Dalam setiap jabatan profesi setiap anggota kelompok
dianggap sanggup untuk membuat keputusan professional berhubungan dengan iklim
kerjanya. Para profesioanal biasanya membuat peraturan sendiri dalam daerah
kompetensinya, kebiasaan dan tradisi yang berhubungan dengan pengawasan yang
efektif tentang hal-hal yang berhubungan dengan pekerjaan dan hal-hal yang
berhubungan dengan langganan kliennya. Sebetulnya pengawasan luar adalah musuh
alam dari profesi, karena membatasi kekuasaan profesi dan membuka pintu
terhadap pengaruh luar (Ornstein dan Levine, 1984)
Otoni profesional tidak berarti bahwa tidak ada sama
sekali control terhadap professional. Sebaliknya, ini berarti bahwa control
yang memerlukan kompetensi teknis hanya dapat dilakukan oleh orang-orang yang
mempunyai kemampuan professional dalam hal ini.

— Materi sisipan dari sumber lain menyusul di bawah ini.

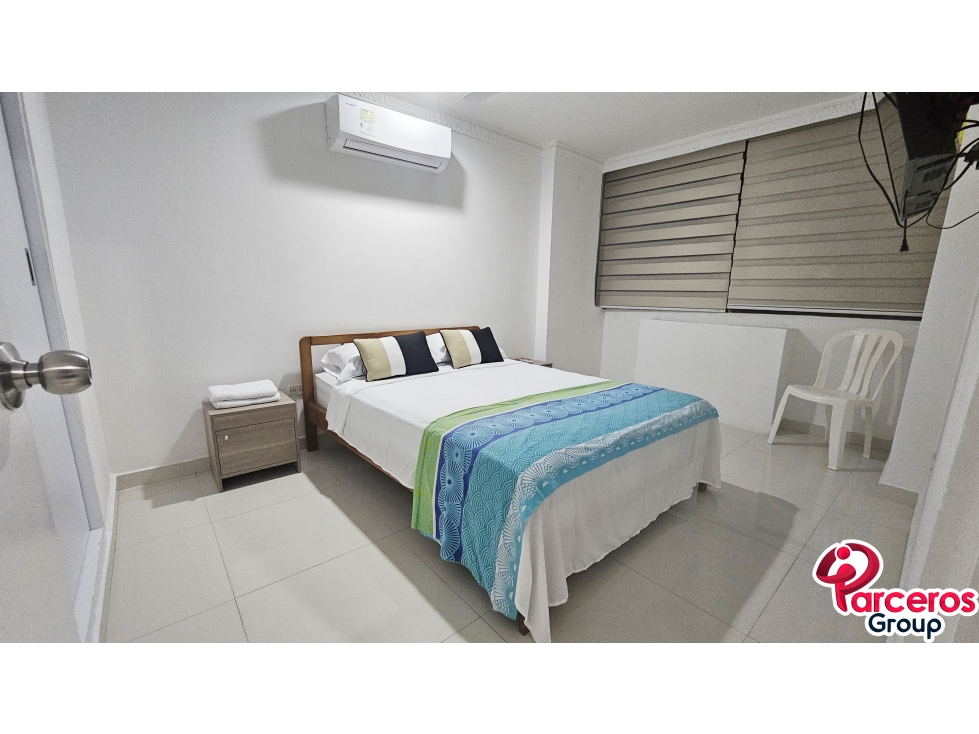 APARTAMENTO VACACIONAL DE 2 HABITACIONES, PISO 23, TRES CARABELAS — foto 6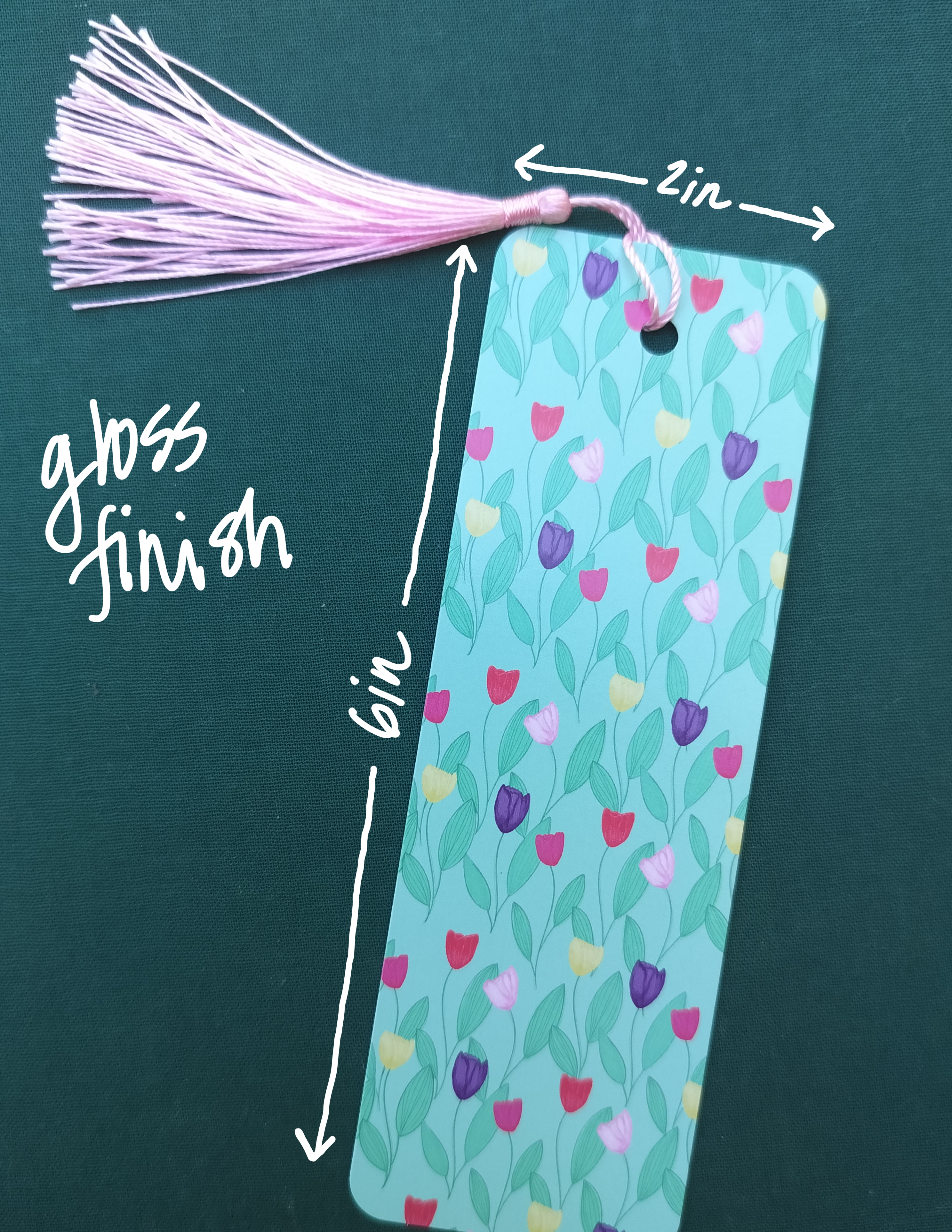 Tulip- Bookmark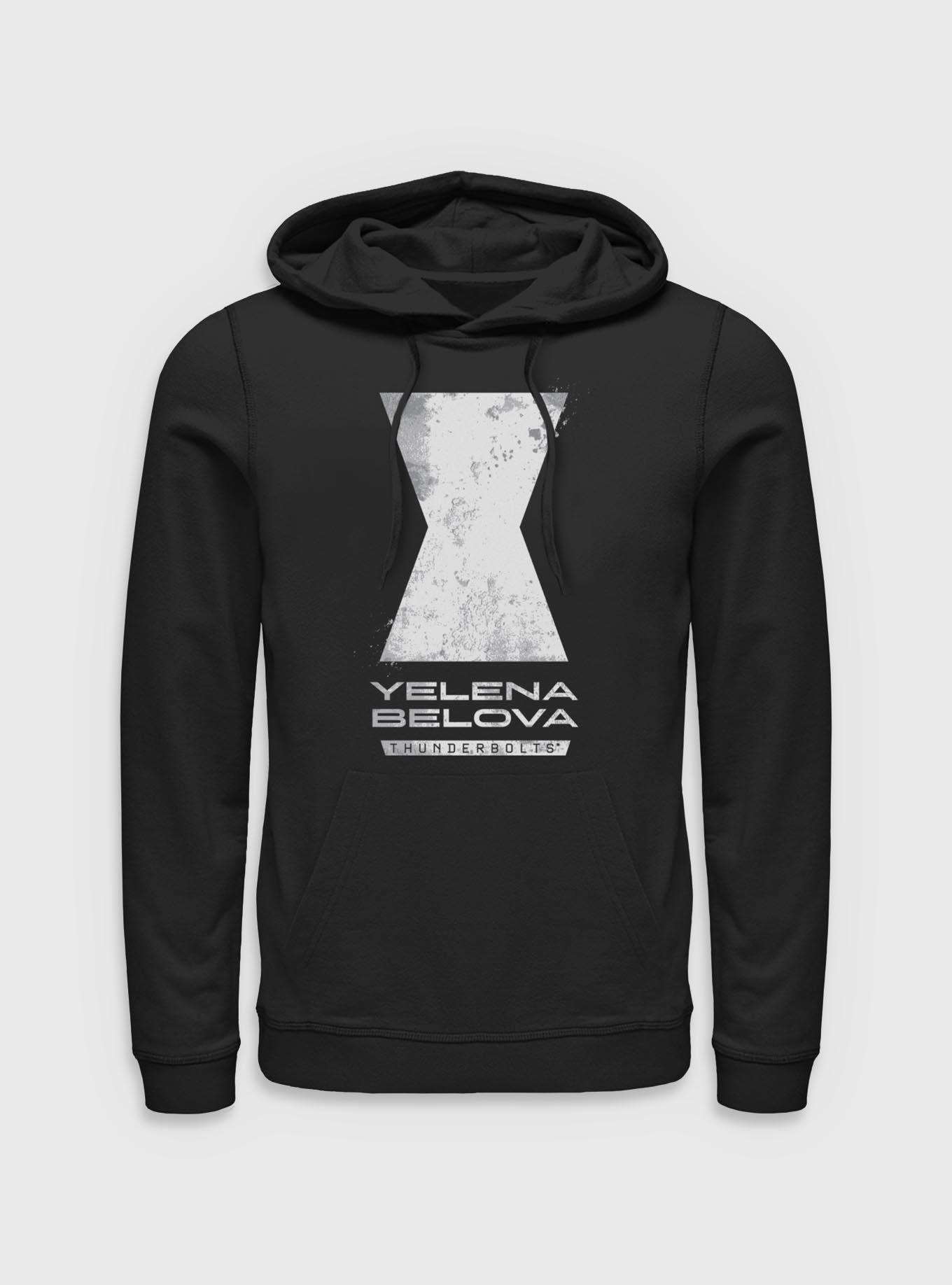 Marvel Thunderbolts* Yelena Belova Logo Hoodie, , hi-res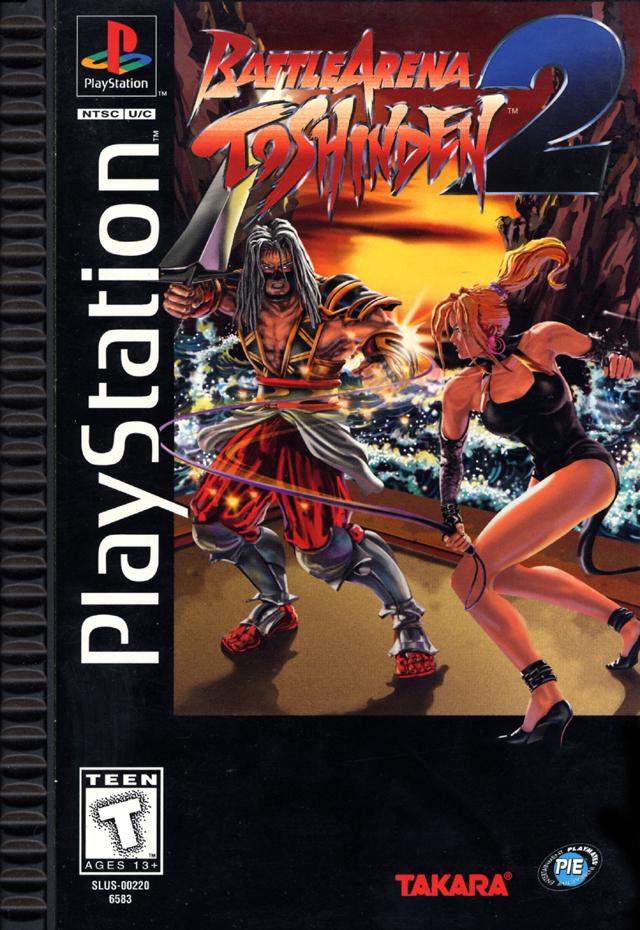 Battle Arena Toshinden 2 (Playstation)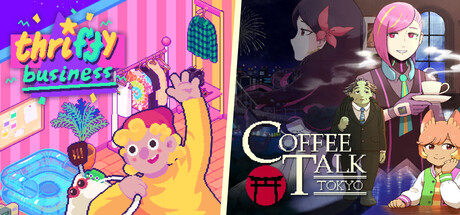 Thrifty Business & Coffee Talk Tokyo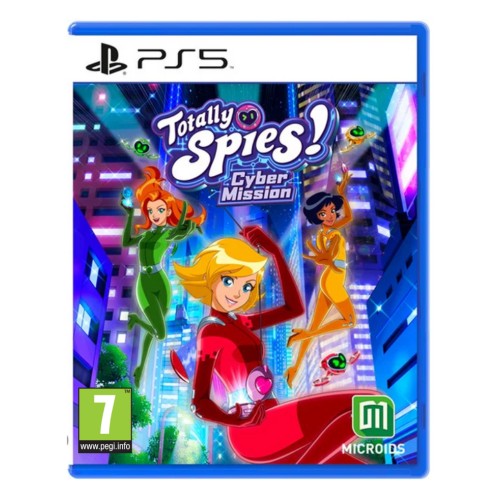Totally Spies! Cyber Mission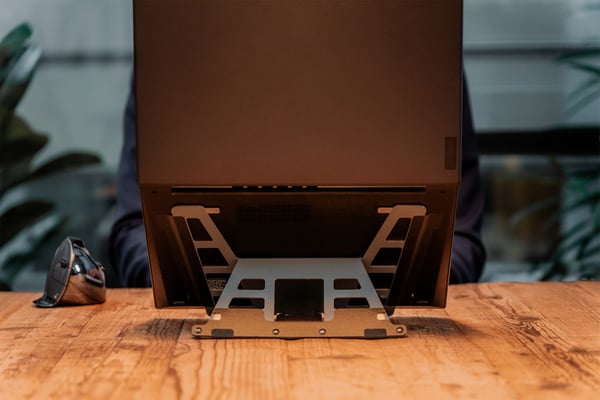 BakkerElkhuizen UltraStand Universal Laptop stativ Sort, Mørkegrå 39,6 cm (15.6")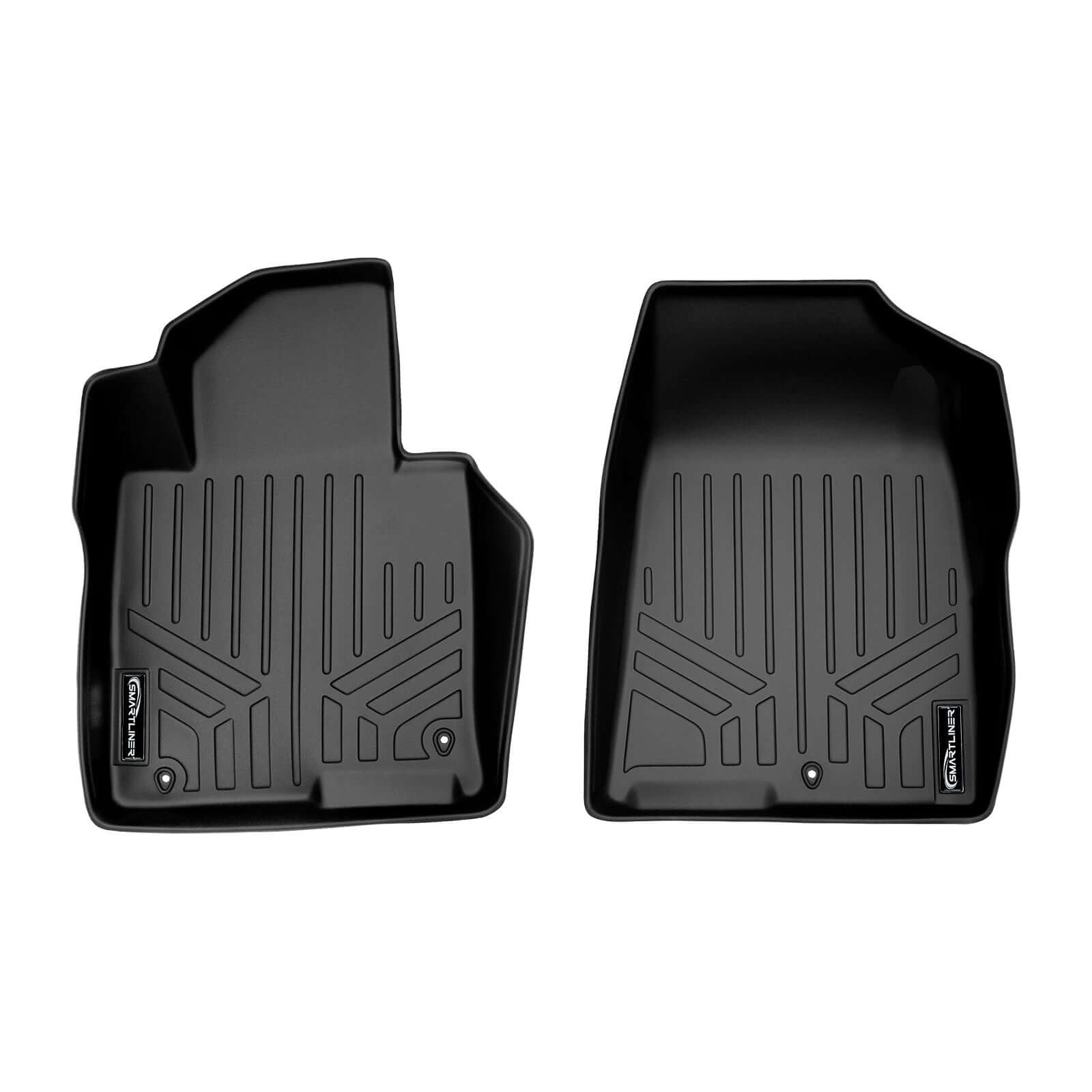 SMARTLINER Floor Liners for 2015-2021 Hyundai Sonata/2016-2020 Kia Optima (Non Hybrid)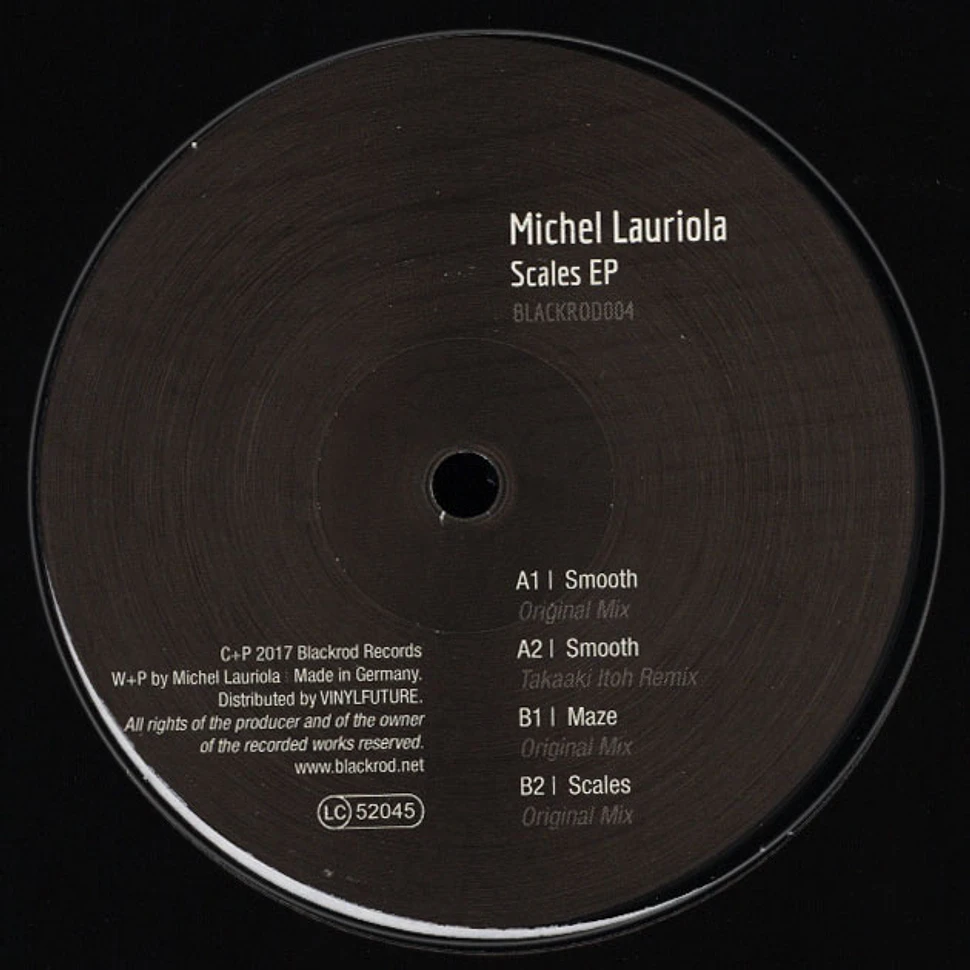 Michel Lauriola - Scales EP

Kelihatannya untuk masa sekarang sesuai dengan
kondisi yang ada di negara kita, kriteria ini belum dapat secara keseluruhan
dipenuhi oleh jabatan guru.
d)
Jabatan
yang memerlukan latihan dalam jabatan yang sinambung
Jabatan guru cenderung menunjukkan bukti yang kuat
sebagai jabatan professional, sebab hamper tiap tahun guru melakukan berbagai
kegiatan latihan professional, baik yang mendapatkan penghargaan kredit maupun
tanpa kredit. Malahan pada saat sekarang bermacam-macam pendidikan professional
tambahan diikuti guru-guru dalam menyetarakan dirinya dengan kualifikasi yang
telah ditetapkan.
3.
Tujuan
kode etik
Pada dasarnya tujuan merumuskan kode etik dalam
suatu profesi adalah untuk kepentingan anggota dan kepentingan organisasi
profesi itu sendiri. Secara umum tujuan mengadakan kode etik adalah sebagai
berikut (R Hermawan S,1979)
1)
Untuk
menjunjung tinggi martabat profesi
Dalam hal ini kode etik dapat menjaga
pandangan dan kesan dari pihak luar dan masyarakat, agar mereka jangan samapai
memandang rendah atau remeh terhadap profesi yang bersangkutan. Oleh karenanya,
setiap kode etik suatu profesi akan melarang berbagai bentuk tindak tanduk atau
kelakuan anggota profesi yang dapat mencemarkan nama baik profesi terhadap
dunia luar.
2)
Untuk
menjaga dan memelihara kesejahteraan para anggotanya.
Yang dimaksud kesejahteraan disini
meliputi baik kesejahteraan lahir maupun kesejahteraan batin. Dalam hal
kesejahteraan lahir para anggota profesi, kode etik umumnya memuat
larangan-larangan kepada para anggotanya untuk melakukan perbuatan-perbuatan
yang merugikan kesejahteraan para anggotanya. Misalnya dengan menetapkan
tariff-tarif minimum bagi honorarium anggota profesi dalam melaksanakan
tugasnya, sehingga siapa-siapa yang mengadakan tarif di bawah minimum akan
dianggap tercela dan merugikan rekan-rekan seprofesi.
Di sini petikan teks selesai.